Walking around the back streets of Beyoglu last week, we heard the sounds of wild fiddle and bagpipe, turned a corner, and found a street full of people dancing to the music of Entu Dagakerr, a group of Istanbul musicians from the Laz ethnic group of the eastern Black Sea region (between Rize and Artvin.) Those of you who know my more peculiar musical tastes know that I have - since the age of 17 - been an absolute sucker for the sounds of the kemençe (black sea bottle fiddle). Popular in the eastern Black Sea region, the kemençe is possibly Byzantium's funkiest surviving holdover. A three stringed fiddle held vertically, it plays extremely fast, highly ornamented dance music in asymetrical rythyms. It is also played by the Pontic Greeks who were deported en masse to Greece in 1923: some of the best Black sea music is actually produced in Thessaloniki. To the uninitiated ear, it produces some of the most annoying music ever experienced, which of course, has led to the sounds of kemençe being adopted by Turkish footbal powerhouse team Trabzon: love our football team, love our hyperkinetic fiddle music.

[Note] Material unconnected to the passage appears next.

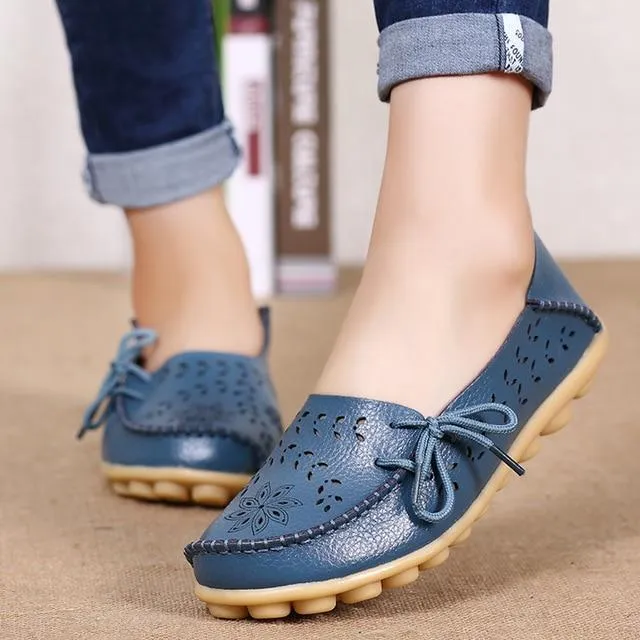 Women Flats Women Genuine Leather Shoes Slip On Loafers Woman Soft Nurse Ballerina Shoes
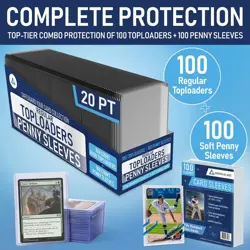 Pokemon Card Protectors 20PT Top Loaders + Penny Sleeves Bundle (100 + 100) - Image 1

These guys were absolutely the best live music I have heard in Istanbul yet. We followed the band to their next gig, at the Sokak Bar on Mis Sokak. The place was packed with folks from the Black Sea region, and as soon as the band kicked in, the whole house started singing along and dancing. The Black sea style of dancing involves a lot of line dances with vigorous shoulder shaking, hence the name "the hamşi dance" after the movements of the Black Sea anchovy (Turkish: hamşi.)



Of course, it wouldn't be a real hamşi dance without inviting the visiting Queen of Little Oily Fish to join in. (Note: The following image complies with federal rules concerning the publication of only "cute" photographs of Fumie at all times.)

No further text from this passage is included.